- PROBLEM REQUIREMENTS
Would you return each entry exactly as written, omitting any pictures?

- EXTRACTED DATA
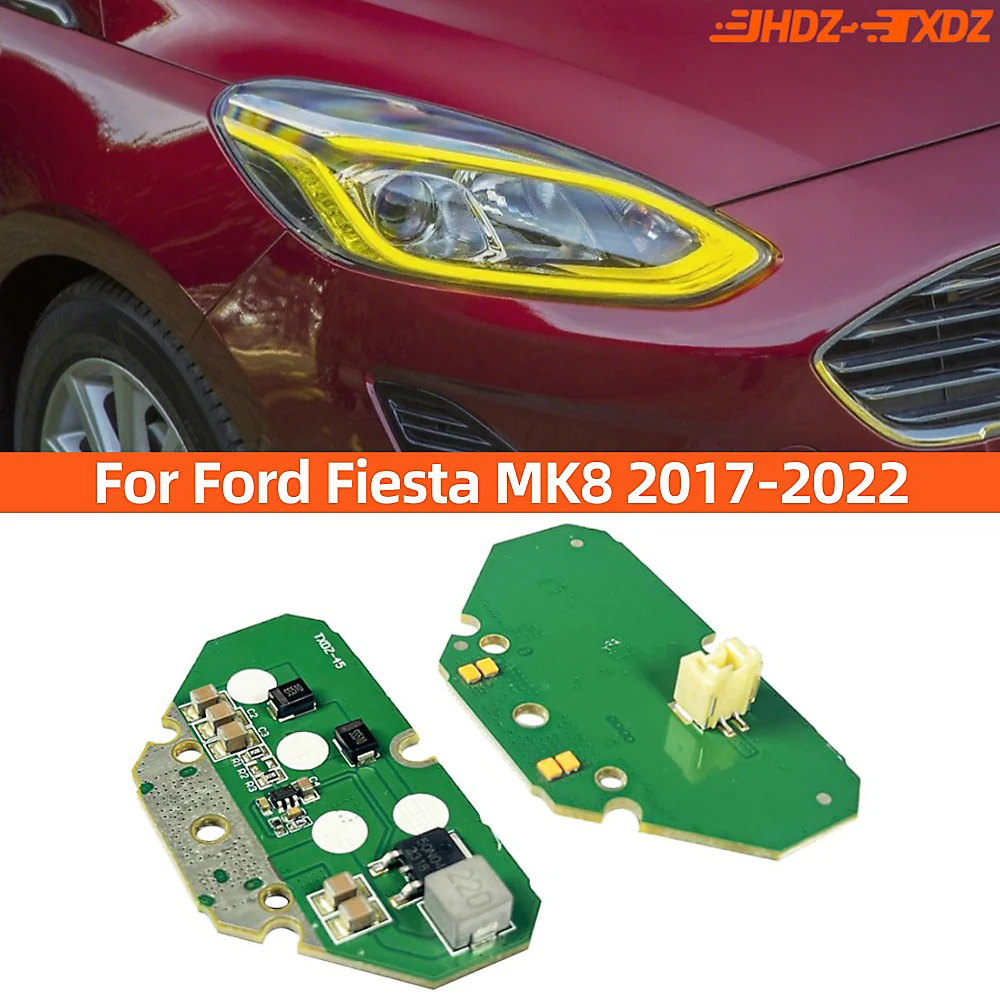 

Для Ford Fiesta MK8 2017-2022 Focus MK4 C519 DRL светодиодная плата желтый ангельский глаз фары дневные ходовые огни чип модуль синий красный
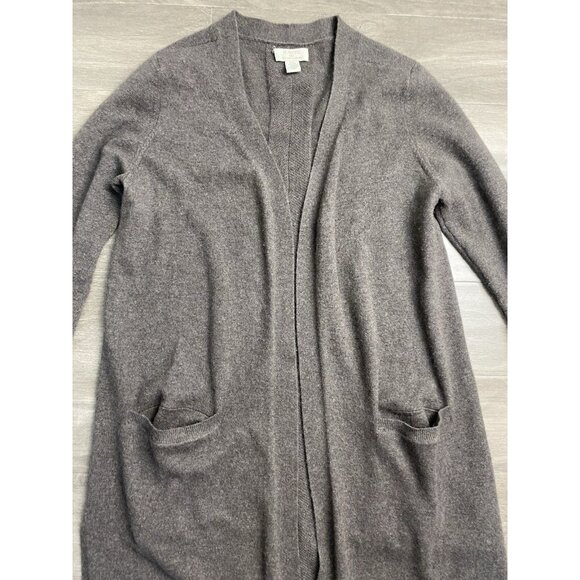Womens Sweater ST TROPEZ tan 100% cashmere long open duster cardigan size M - Picture 6 of 8
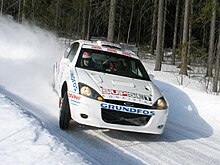 Wilson driving a Ford Focus RS WRC 02 in the Finnish Rally Championship in 2005. Matthew Wilson - 2005 Peurunkaralli.jpg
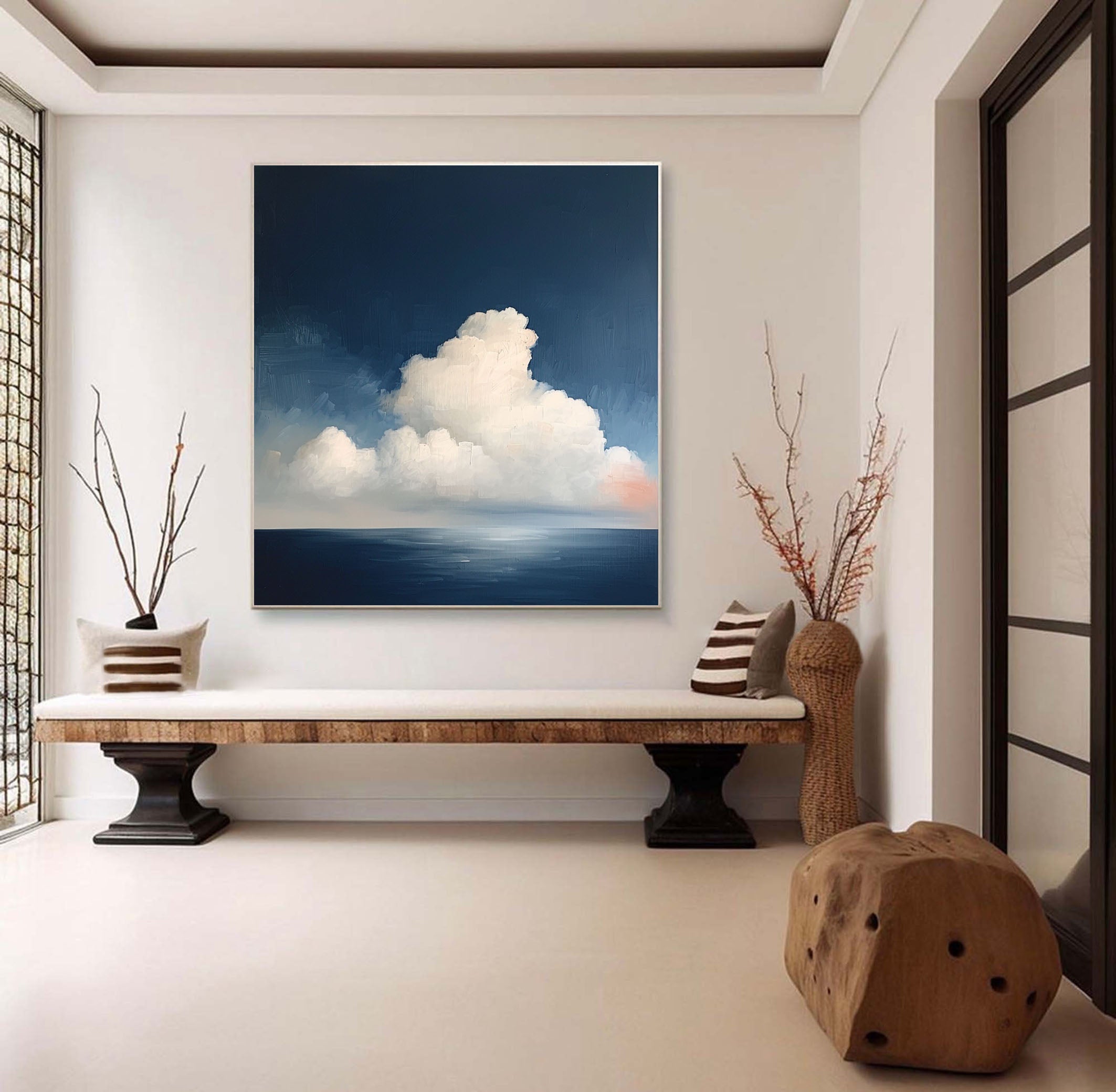 Serene Cloudscape Abstract Art Canvas Modern Sky Painting #OS 027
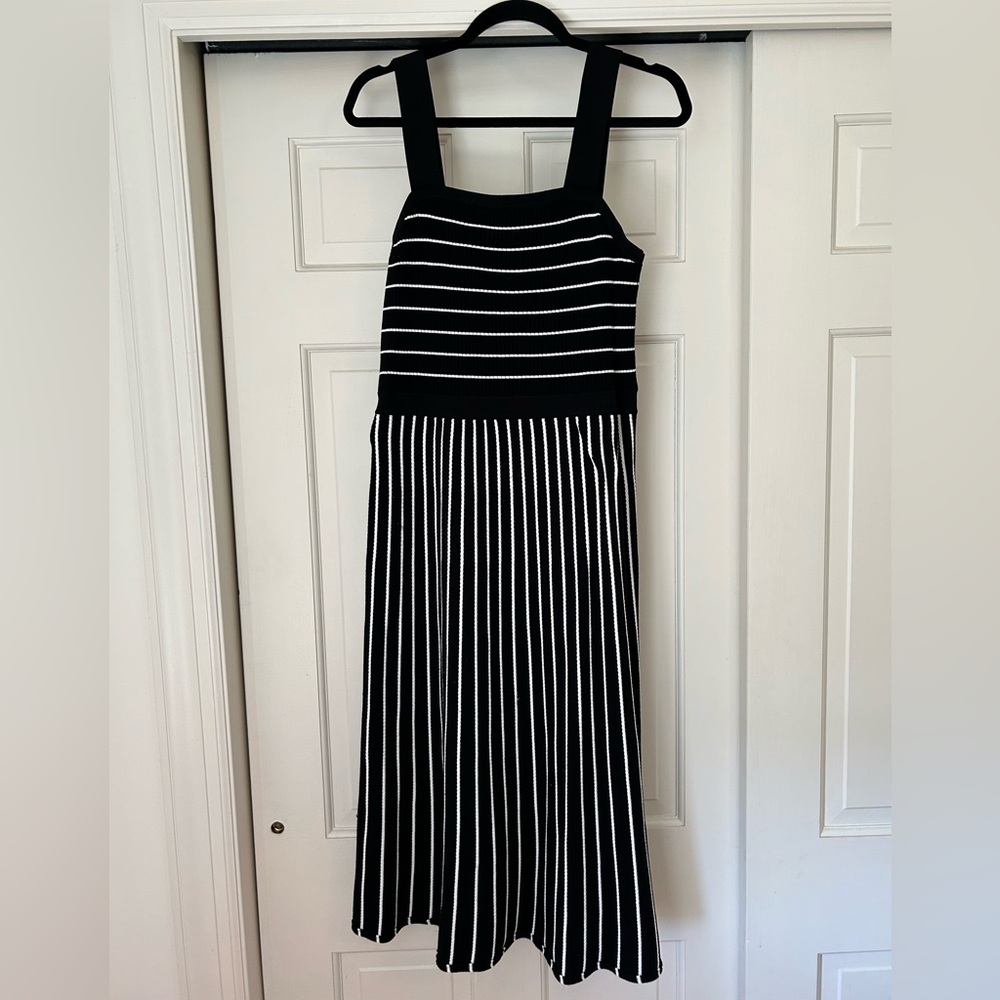 Elegant Black and White Striped Dress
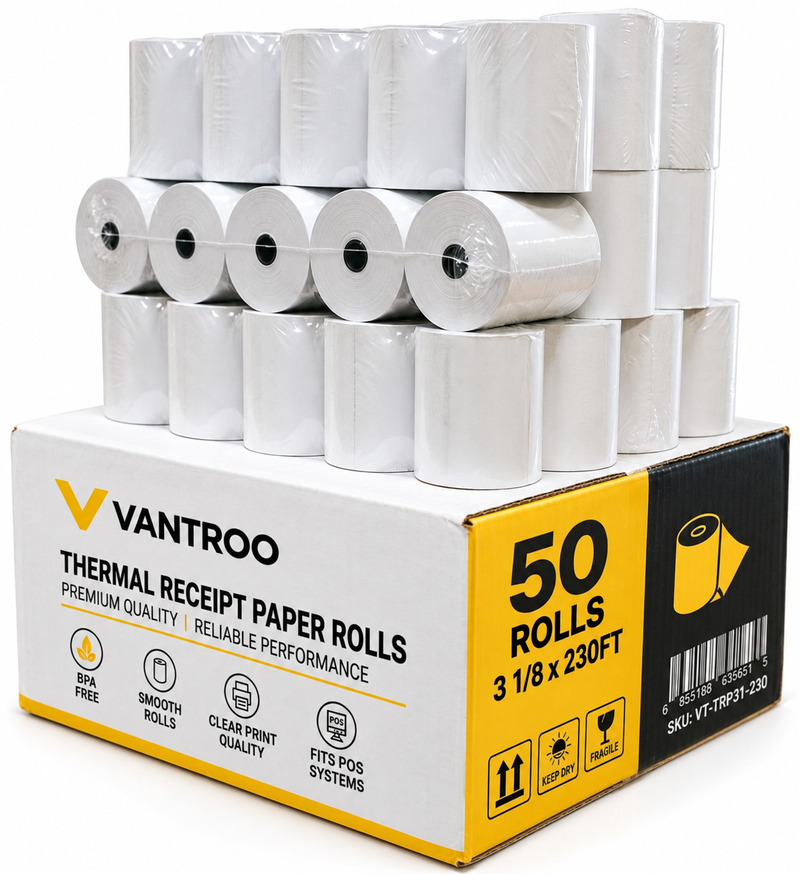 3 1/8 x 230 ft Thermal Receipt Paper, Carton of 50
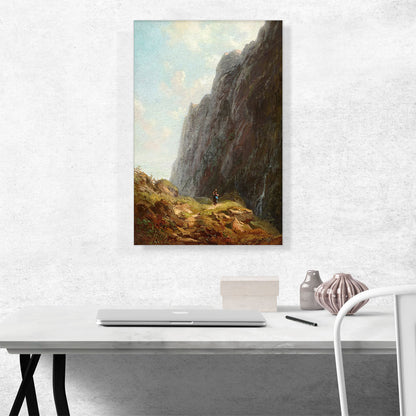 Mountain And Milkmaid Along a Winding Stone Path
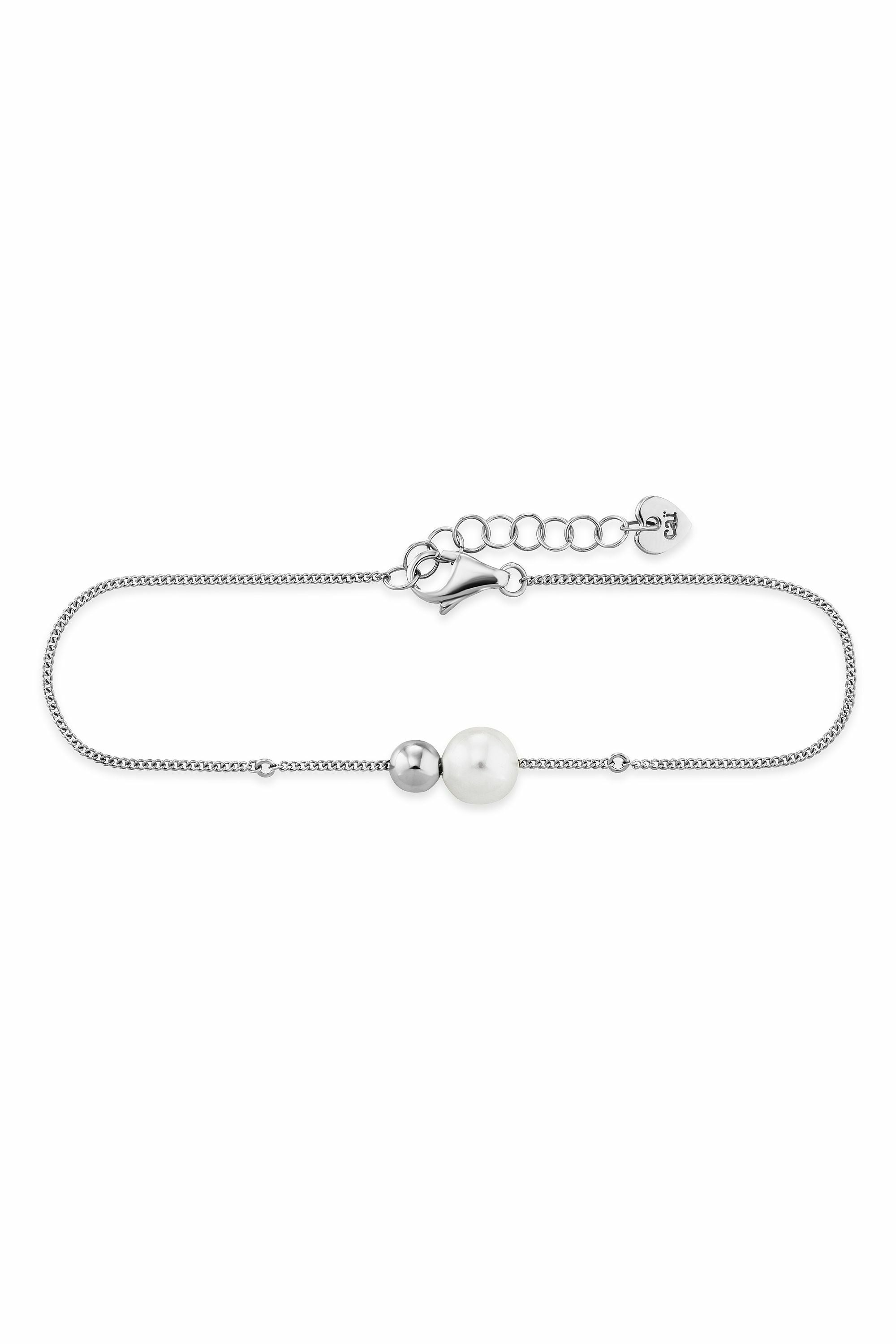 Armband 925/- Sterling Silber rhodiniert Perle Kugel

- RESPONSE TO THIS EXERCISE
Для Ford Fiesta MK8 2017-2022 Focus MK4 C519 DRL светодиодная плата желтый ангельский глаз фары дневные ходовые огни чип модуль синий красный
Womens Sweater ST TROPEZ tan 100% cashmere long open duster cardigan size M - Picture 6 of 8
 Wilson driving a Ford Focus RS WRC 02 in the Finnish Rally Championship in 2005. Matthew Wilson - 2005 Peurunkaralli.jpg
 Serene Cloudscape Abstract Art Canvas Modern Sky Painting #OS 027
 Elegant Black and White Striped Dress
 3 1/8 x 230 ft Thermal Receipt Paper, Carton of 50
 Mountain And Milkmaid Along a Winding Stone Path
 Armband 925/- Sterling Silber rhodiniert Perle Kugel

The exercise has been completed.